- [RECORDS FOR THIS TASK]
________________

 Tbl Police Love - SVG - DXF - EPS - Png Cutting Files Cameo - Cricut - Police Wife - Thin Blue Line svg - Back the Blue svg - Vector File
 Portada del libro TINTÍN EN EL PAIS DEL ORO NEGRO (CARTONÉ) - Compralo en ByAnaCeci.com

________________

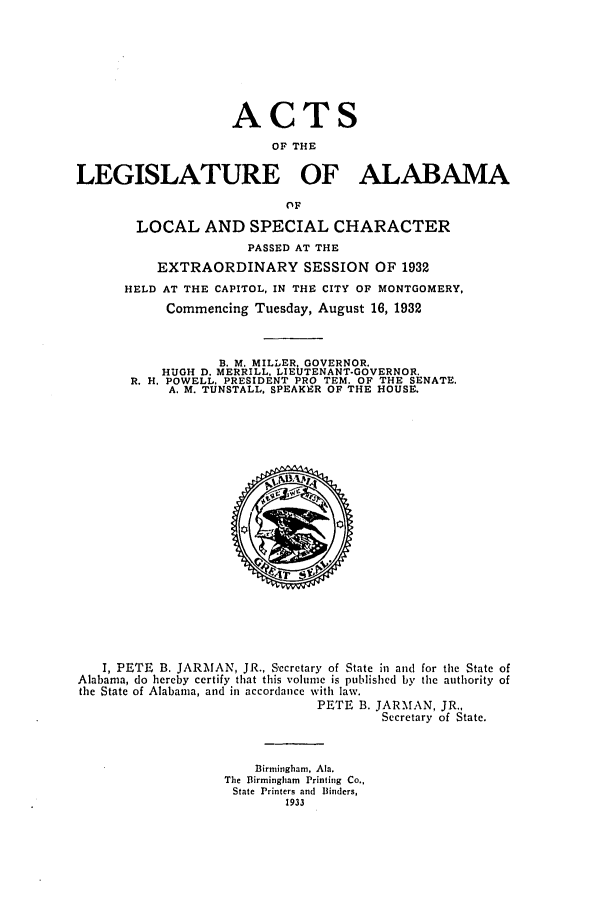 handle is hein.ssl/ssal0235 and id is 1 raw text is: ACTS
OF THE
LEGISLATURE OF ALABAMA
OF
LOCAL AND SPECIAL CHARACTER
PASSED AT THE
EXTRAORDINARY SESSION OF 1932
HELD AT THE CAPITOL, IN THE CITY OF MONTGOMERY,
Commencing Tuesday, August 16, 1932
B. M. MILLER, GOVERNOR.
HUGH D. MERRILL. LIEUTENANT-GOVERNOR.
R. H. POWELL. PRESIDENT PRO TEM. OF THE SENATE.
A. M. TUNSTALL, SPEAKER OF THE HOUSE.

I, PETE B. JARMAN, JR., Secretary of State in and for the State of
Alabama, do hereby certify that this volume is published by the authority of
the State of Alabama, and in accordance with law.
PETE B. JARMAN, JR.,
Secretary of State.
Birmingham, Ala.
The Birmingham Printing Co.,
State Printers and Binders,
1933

________________

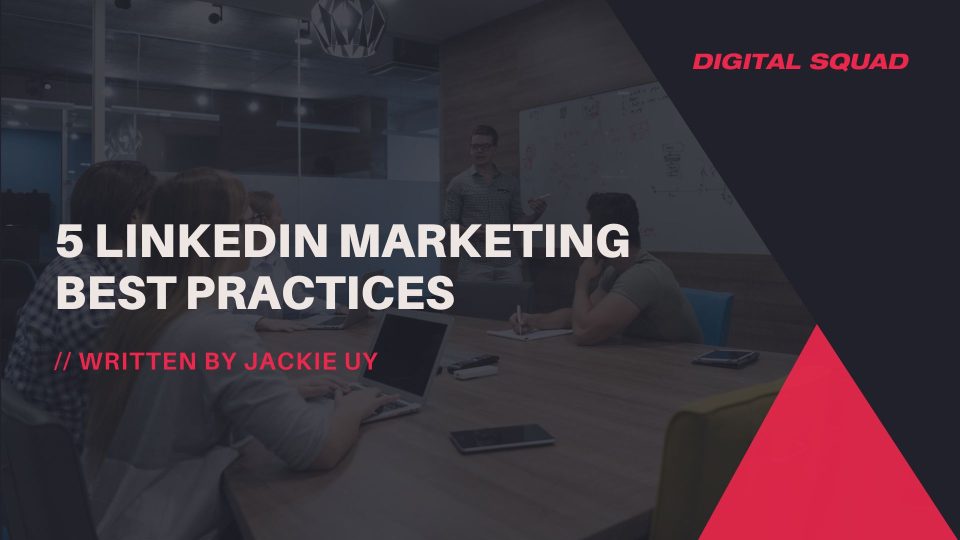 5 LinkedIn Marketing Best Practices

________________

- [WHAT IS REQUIRED] Which lines above include the word "PETE"? Return each one.

- [EXERCISE OUTPUT]
I, PETE B. JARMAN, JR., Secretary of State in and for the State of
PETE B. JARMAN, JR.,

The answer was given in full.